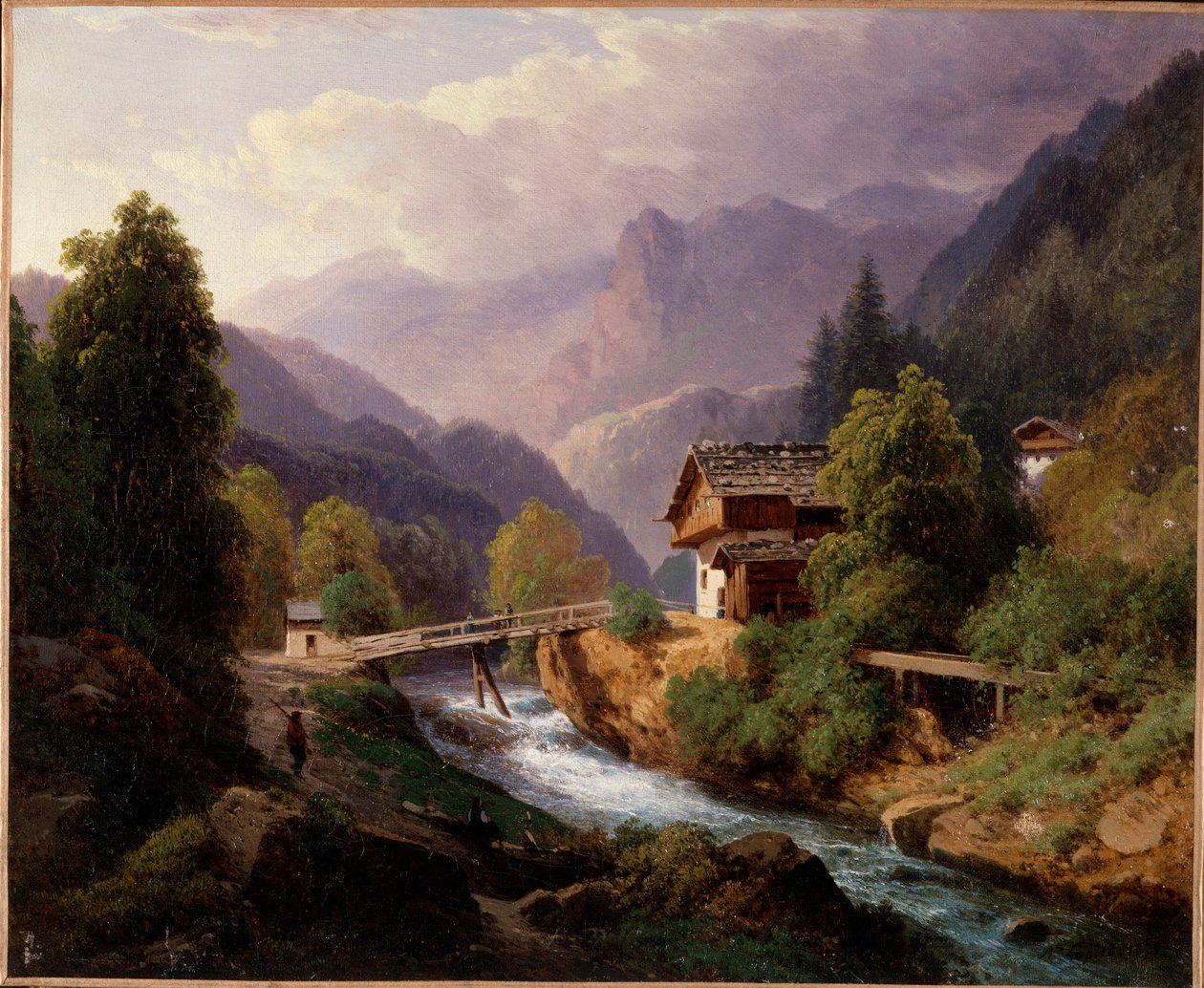 Landscape of Switzerland Painting by Augustus Louis Lapito (1803-1874) 19th century Private Collection بواسطة لويس أوغست لابيتو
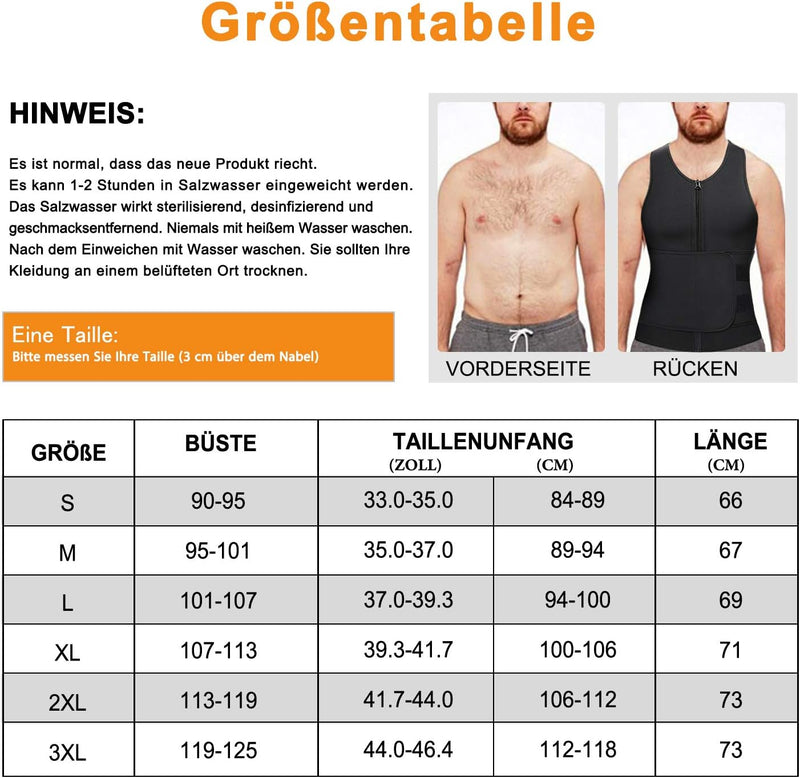 Bingrong Herren Bauchweggürtel Fitnessgürtel Schwitzgürtel Fitness Gürtel Bauchgürtel Abnehmen Neopr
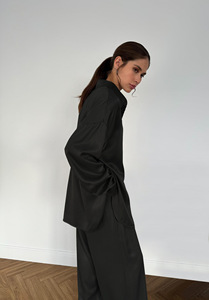 En stock, pyjamas européens et américains en tissu uni, vêtements de détente pour femmes, vêtements de nuit pour femmes, cardigan, vêtements de maison, vêtements pour femmes, pyjamas pour femmes - Product Image 2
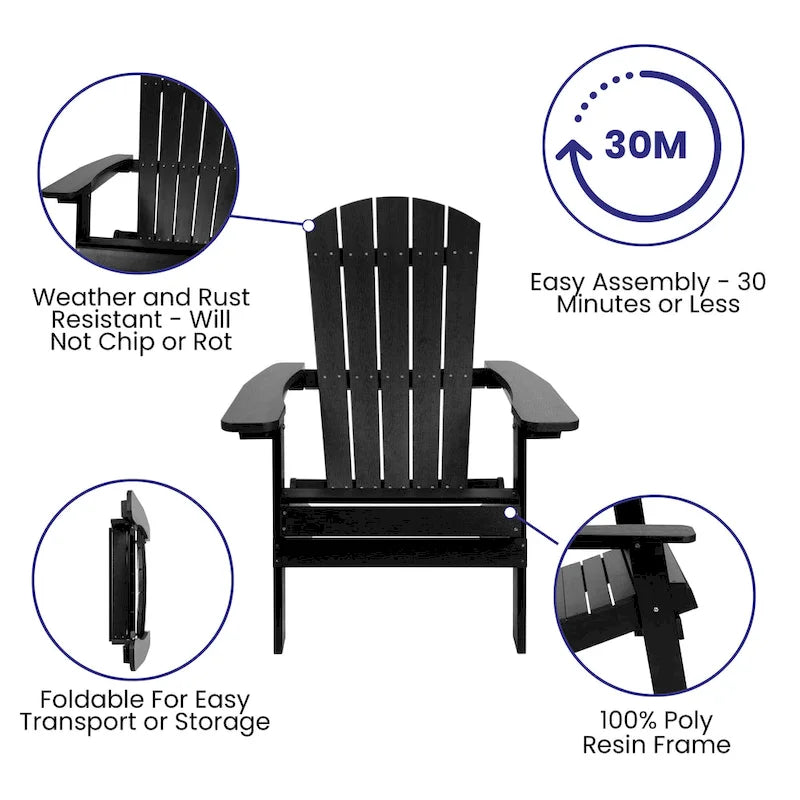 Ensemble de 2 chaises Adirondack pliantes intérieures/extérieures avec table d'appoint - 34P x 30,25L x 37H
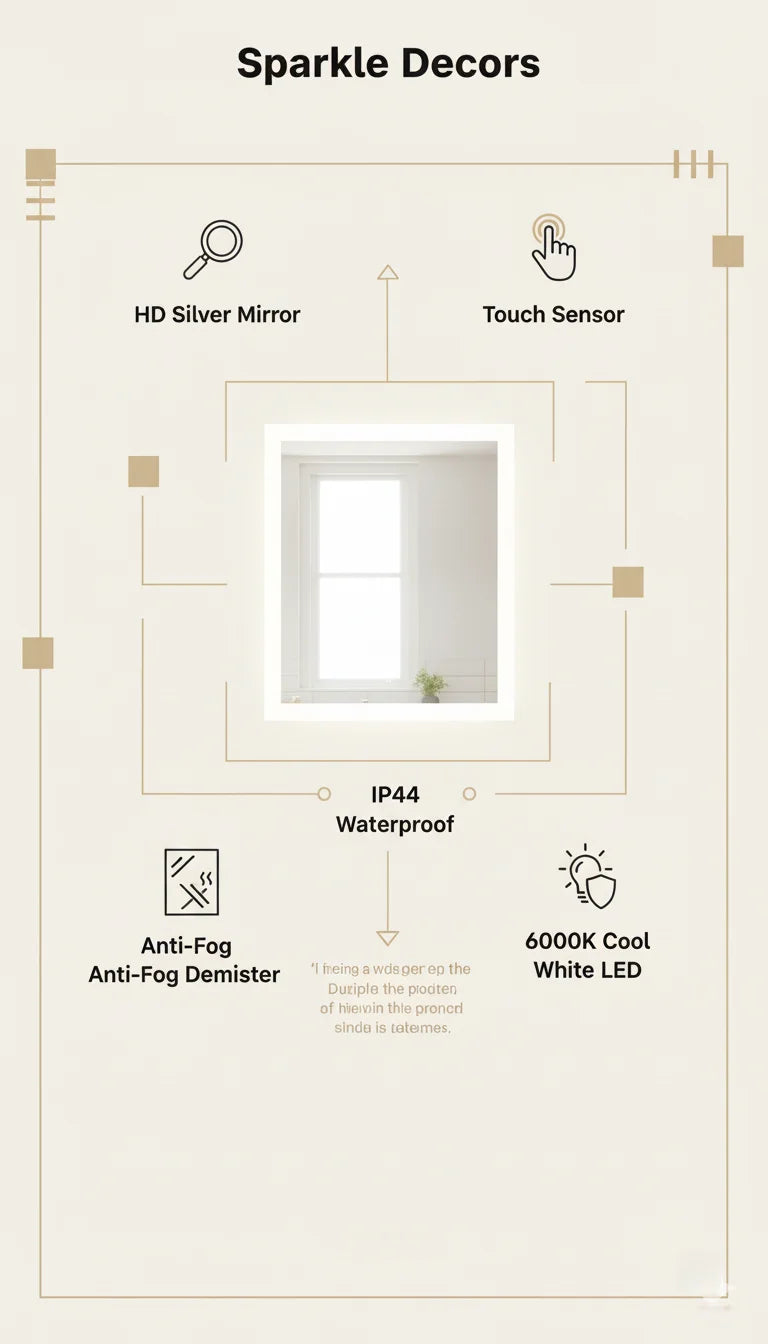 Sparkle Decors HD LED Bathroom Mirror with Touch Sensor & Demister Pad – 70x50cm Rectangular Illuminated Wall Mirror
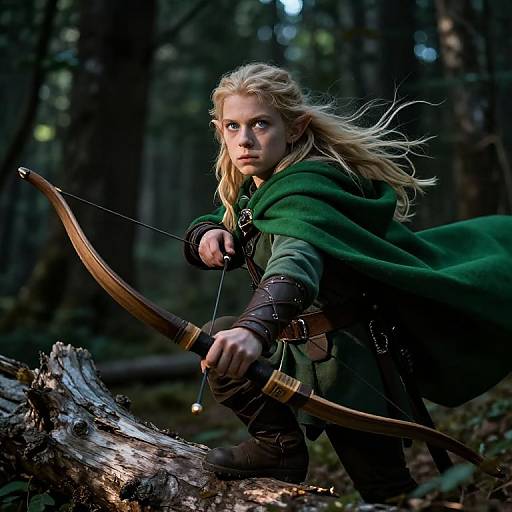 Photograph of a blonde, fair-skinned archer with green cloak, aiming a wooden bow in a dark, dense forest. She has determined expression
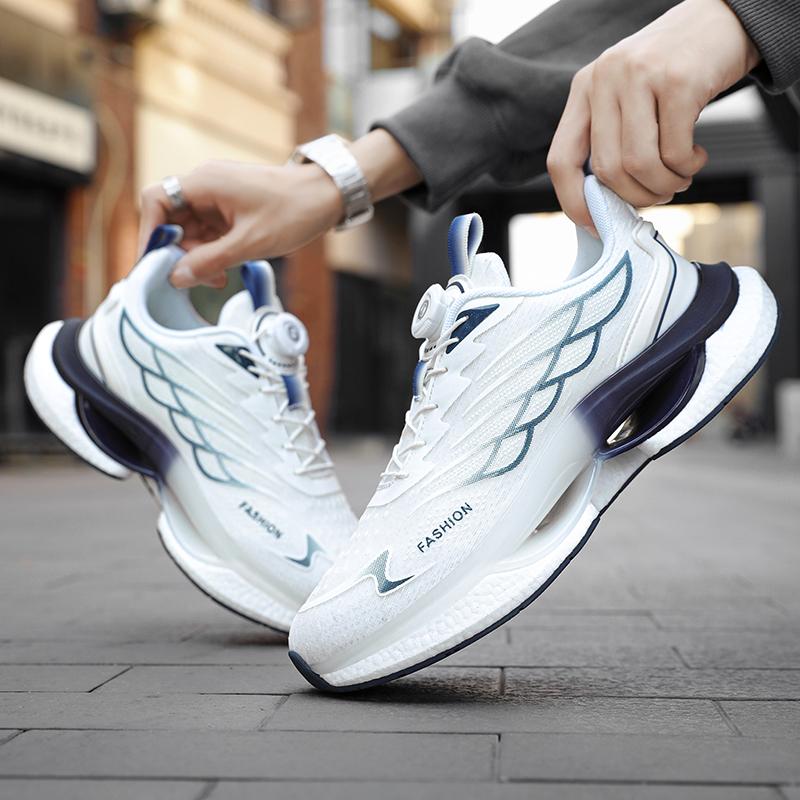 Men'S Casual Shoes Shockproof Comfortable Real Explosion Breathable Technology Rotating Button Trend Sports Shoes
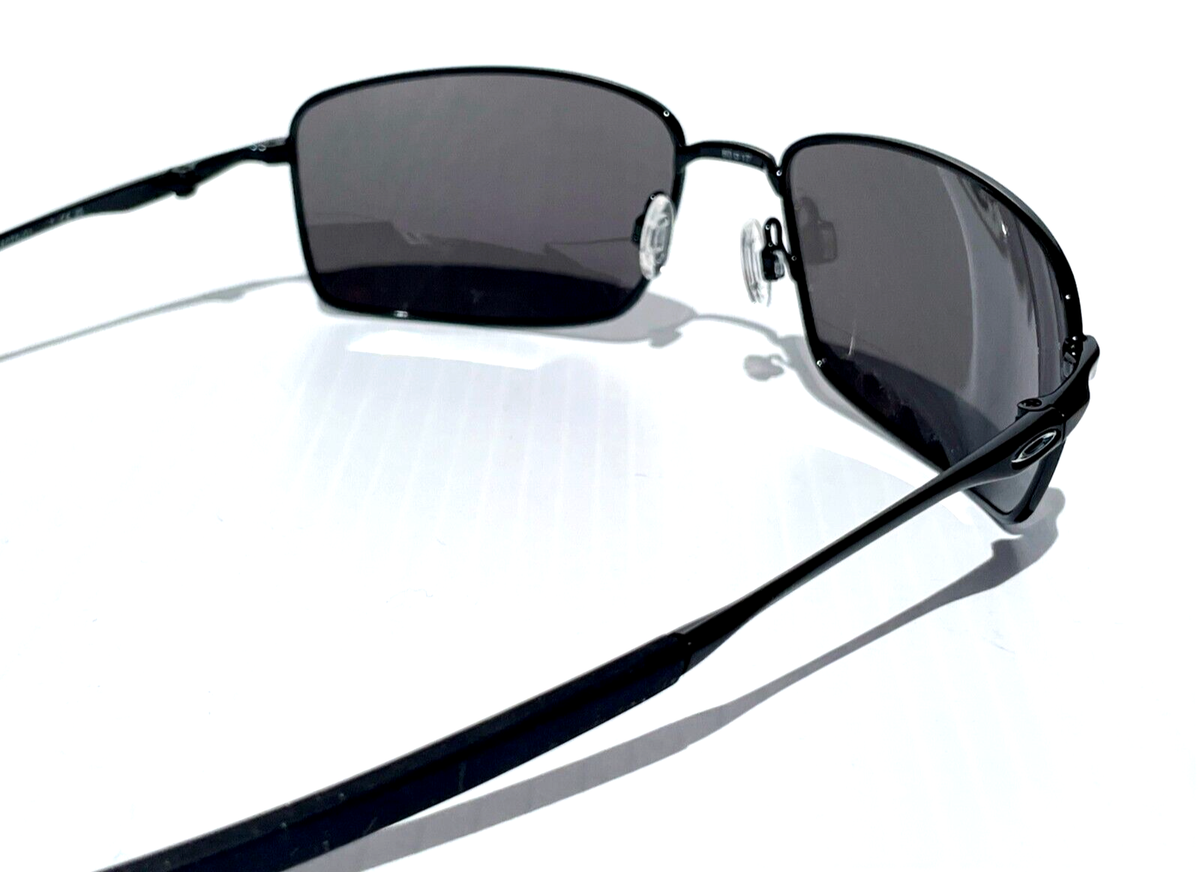 Oakley SQUARE WIRE Shiny Black POLARIZED Galaxy Chrome Lens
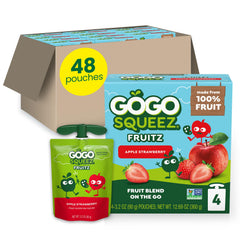 GoGo squeeZ front packaging showing apple strawberry pouches and convenience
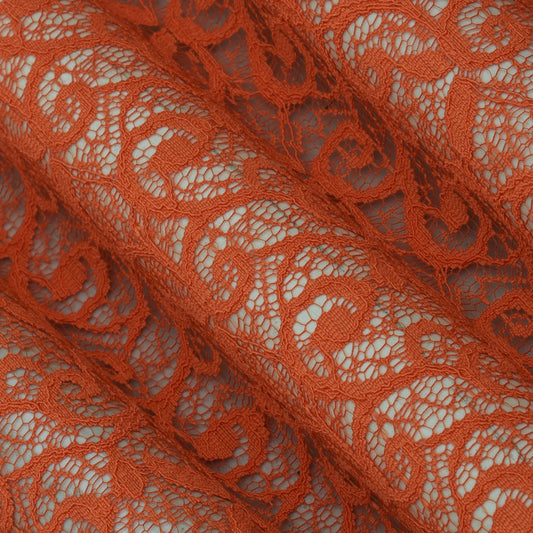 Orange Color Chantilly Net Fabric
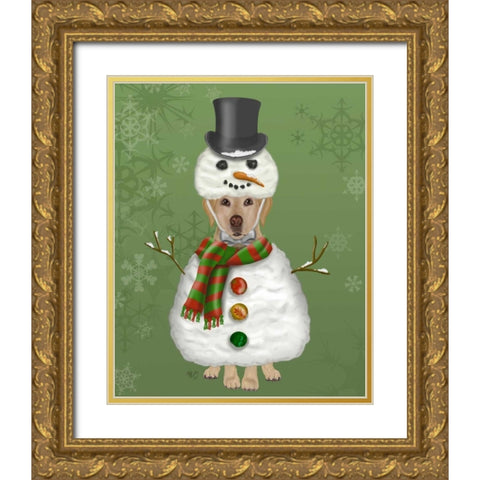 Yellow Labrador, Snowman Costume Gold Ornate Wood Framed Art Print with Double Matting by Fab Funky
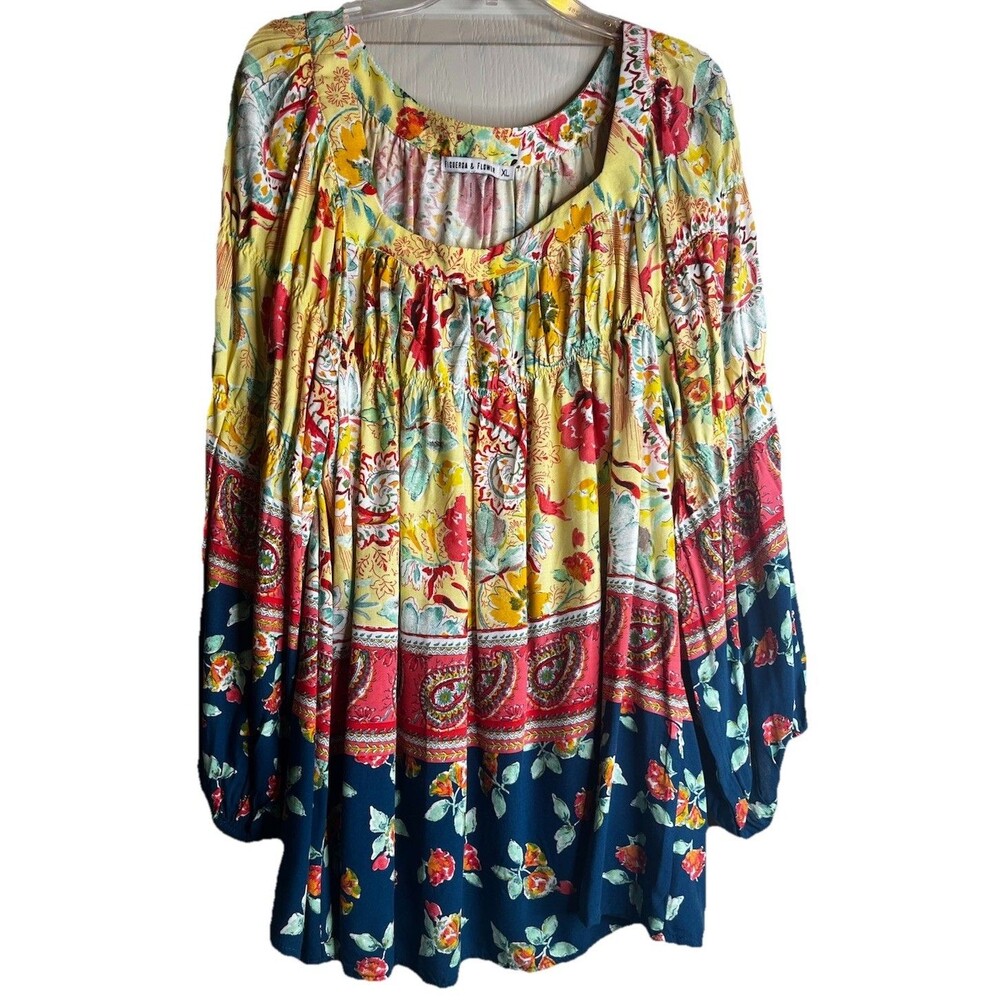 Figuerda & Flower Multicolored Flower Paisley Print XL Balloon Sleeve Square Nec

▸ **PROBLEM DESCRIPTION**:
Using the listing above, restate exactly the range between the lines holding "Sparkle Decors HD" and "Photograph of a", inclusive, with pictures left out.

▸ **REPLY**:
 Sparkle Decors HD LED Bathroom Mirror with Touch Sensor & Demister Pad – 70x50cm Rectangular Illuminated Wall Mirror
 Photograph of a blonde, fair-skinned archer with green cloak, aiming a wooden bow in a dark, dense forest. She has determined expression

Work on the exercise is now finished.